WHAT YOU WILL DO:
Please restate each line of the data that follows word for word, skipping any image.

Image-text web data
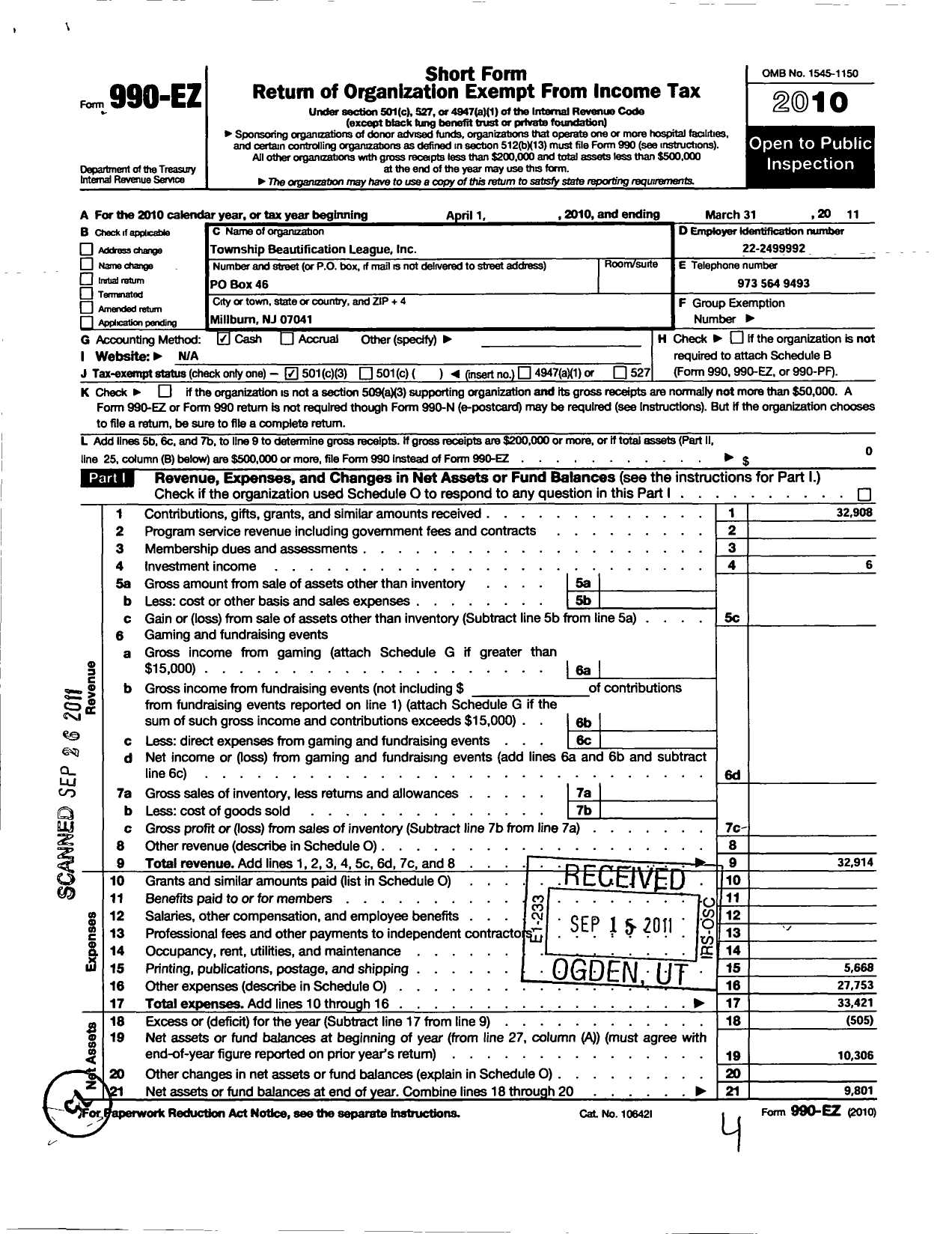 Image of first page of 2010 Form 990EZ for Township Beautification League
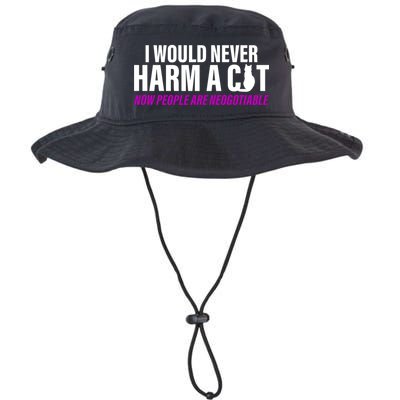 I Would Never Harm A Cat Now People Are Negotiable Bucket Hat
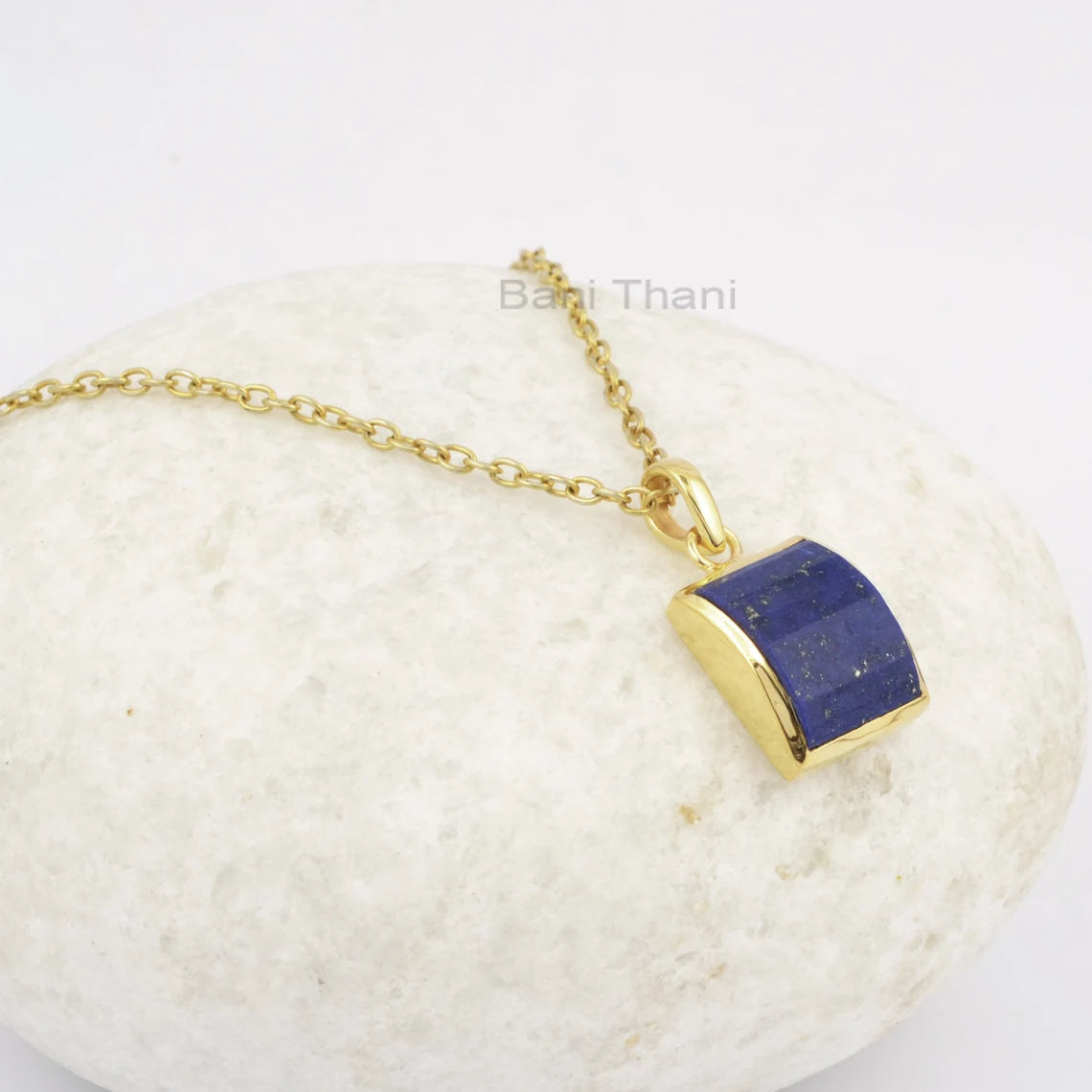 Blue Lapis Necklace, Lapis Lazuli 11x14mm Rectangle Gemstone Step Cut Necklace, 18k Gold Plated Necklace, 925 Sterling Silver Gift Necklace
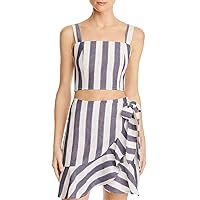 Women's Sequence Sleeveless Square Neck Cropped Stripe Top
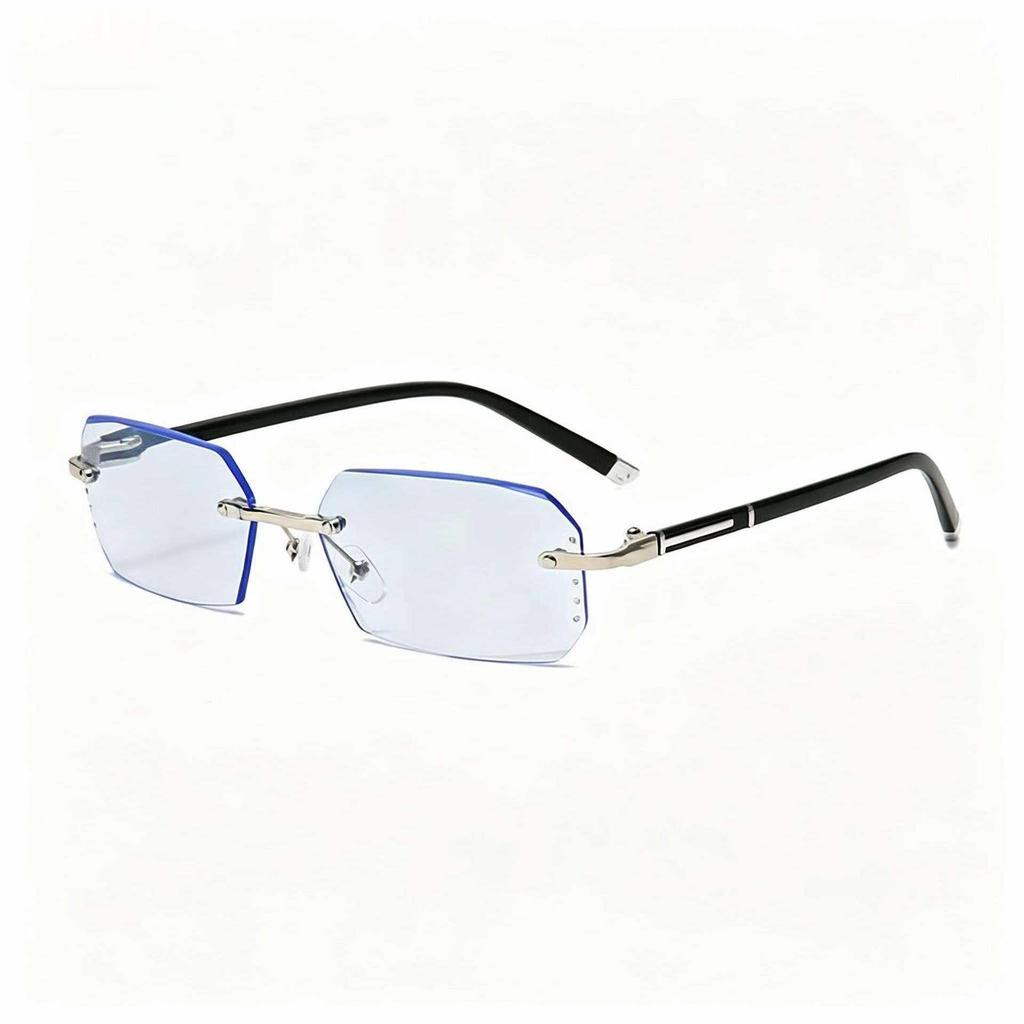 Frameless Diamond Cut Blue Light Blocking Photochromic Reading Glasses for Men and Women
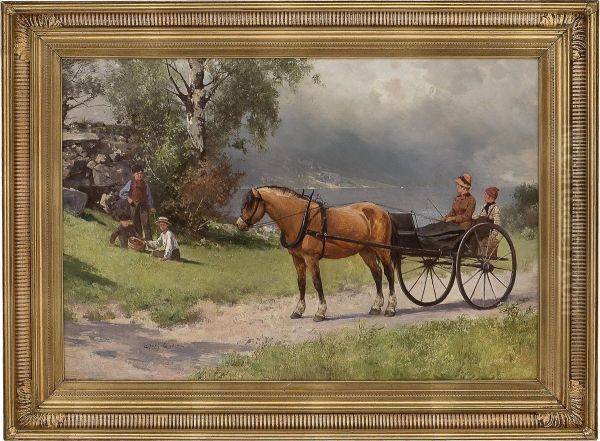 Kystlandskap Med Hest, Vogn Og Folkeliv Oil Painting by Axel Ender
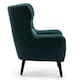 image 2 of Winslow Wing Back Fabric Occasional Button Back Armchair w Footstool (Green)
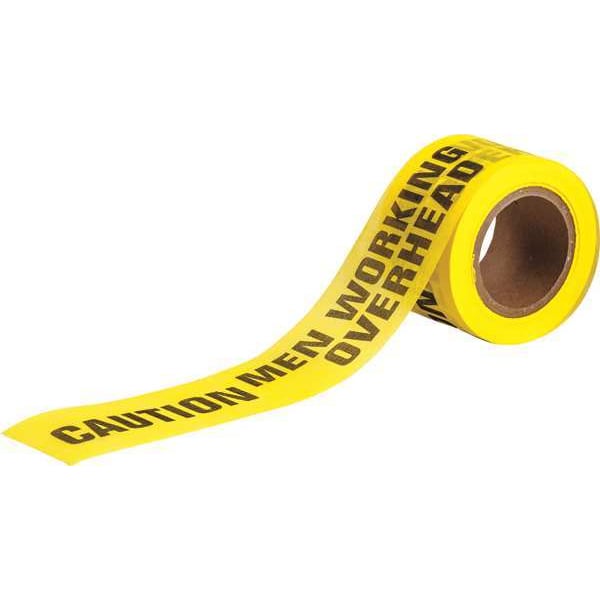 Zoro Select Barricade Tape, Caution Men Working Overhead, Yellow, 3 in Wide x 150 ft Length, Wood Fiber - 91092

WORKED SOLUTION:
 Image of first page of 2010 Form 990EZ for Township Beautification League
 I Would Never Harm A Cat Now People Are Negotiable Bucket Hat
 Blue Lapis Necklace, Lapis Lazuli 11x14mm Rectangle Gemstone Step Cut Necklace, 18k Gold Plated Necklace, 925 Sterling Silver Gift Necklace
 Women's Sequence Sleeveless Square Neck Cropped Stripe Top
 Frameless Diamond Cut Blue Light Blocking Photochromic Reading Glasses for Men and Women
 Kystlandskap Med Hest, Vogn Og Folkeliv Oil Painting by Axel Ender
 image 2 of Winslow Wing Back Fabric Occasional Button Back Armchair w Footstool (Green)
 Zoro Select Barricade Tape, Caution Men Working Overhead, Yellow, 3 in Wide x 150 ft Length, Wood Fiber - 91092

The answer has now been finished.